Tom Create, known for its contributions to the DSiWare GO Series, as well as games dating back to the Super Famicom era, has created a little gem in Ninja Battle Heroes, an action brawler bursting with adorable personality and surprisingly deep gameplay. Despite a generic title that describes little about the experience other than that it involves ninjas, battles, and heroes, this colourful, lively title will delight players from the first stage and keep them entertained throughout.
Ninja Battle Heroes stars Saizo Kirigakure, an anthropomorphic ninja who is part of the heroic Beast Brigade. When members of the Beast Brigade suddenly go missing, Saizo heads out to find his missing friends and learn the sinister truth behind their disappearance.
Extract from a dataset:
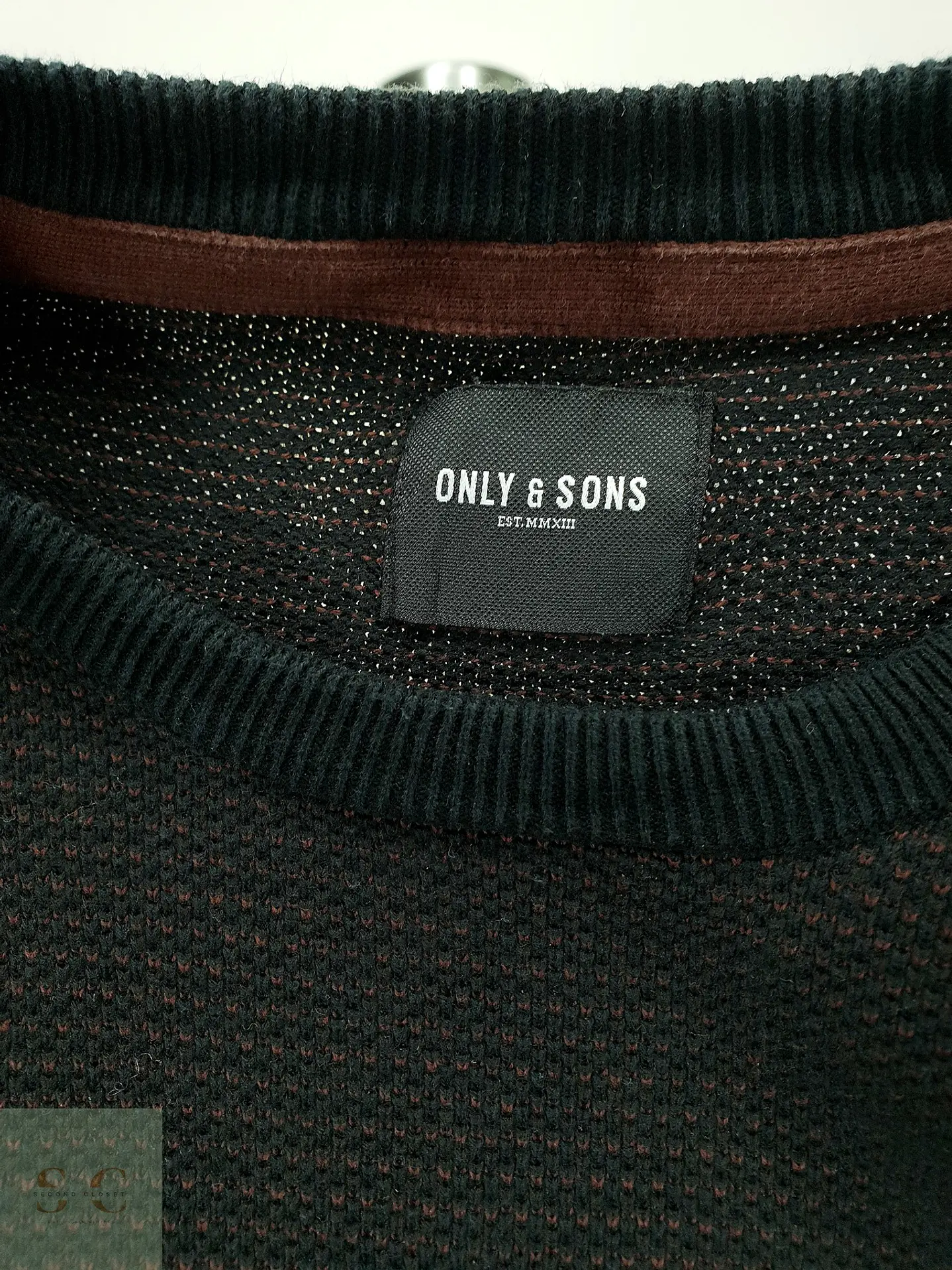 Jersei de Cuello Redondo en Punto Texturizado Only & Sons Talla LXL 3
The story, presented mainly by dialogue boxes during gameplay, is taken very seriously by the cute, chibi-styled characters, lending an anime charm to the game. With big, enthusiastic introduction screens for each Beast Brigade member and the excellent animations of each on-stage character, players will have no trouble getting to know the world and characters.
Gameplay in Ninja Battle Heroes is split into larger areas that are divided into a variety stages; each side-scrolling stage contains three optional objectives such as achieving a specific combo count or finishing within a time limit. Completing optional objectives gives the player rewards such as a new skill, a new skill slot (which, after a few stages, proves to be invaluable) or more spirit to spend on buying more skills. Saizo's default moves consist of throwing stars and a katana that activates itself when he gets close enough to an enemy.
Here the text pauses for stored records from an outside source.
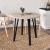 Τραπέζι Xana Megapap χρώμα travertine Ø90x77,5εκ.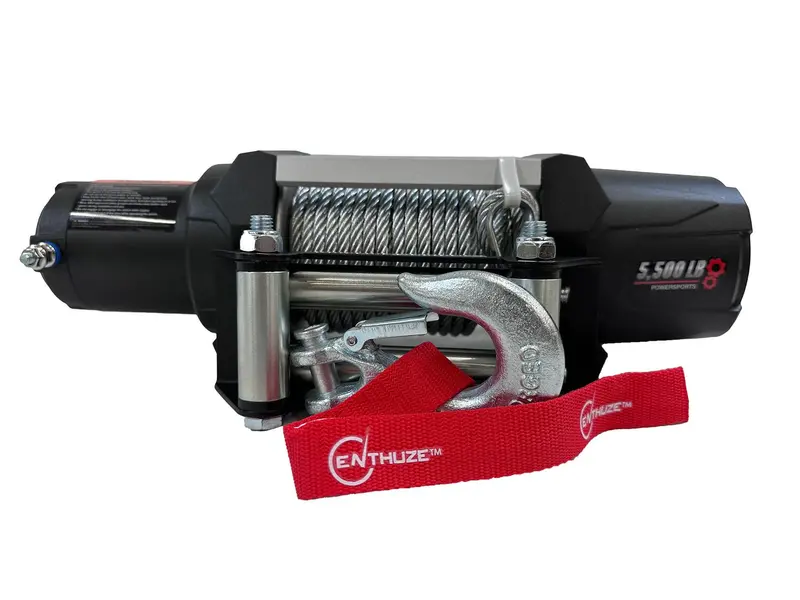 Enthuze 5500-Lb Atv/Utv Winch – Heavy-Duty Steel Rope Recovery Winch 1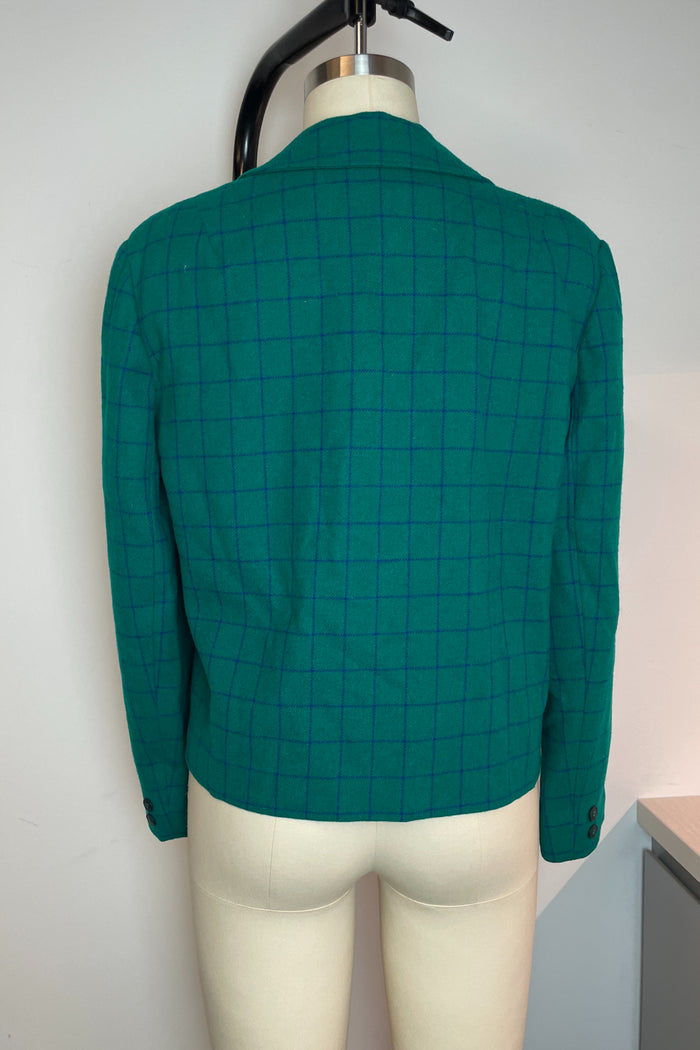 Miss Pendelton Green Check Blazer image 2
Killing enemies releases spirit, which is collected by pressing the circle pad downward. Collecting enough spirit lets Saizo use his skills, which range from calling a Beast Brigade member you've rescued to perform a special power (such as healing or helping clear the screen of enemies) to stronger weapons and attacks; collecting this spirit is particularly important as some skills can also be upgraded this way. The light RPG skill elements, coupled with the multiple objectives, make for a surprisingly meaty experience that'll take several hours to play through.
Unlocking skill slots is important as you gain more skills — you can choose which skills to equip between stages, and while we found ourselves mostly equipping Beast Brigade companions, there are several categories from which to choose as you advance through the game. The optional objectives also do a good job getting the player used to completing each stage more effectively; getting high combo counts is absolutely pivotal, and the stages become intense quickly. Enemies appear from all directions, including the background; for this reason the 3D effect is used quite nicely, helping the player focus on the right areas at the right times. Each stage is fairly straightforward, but the enemy count is high and things never get dull.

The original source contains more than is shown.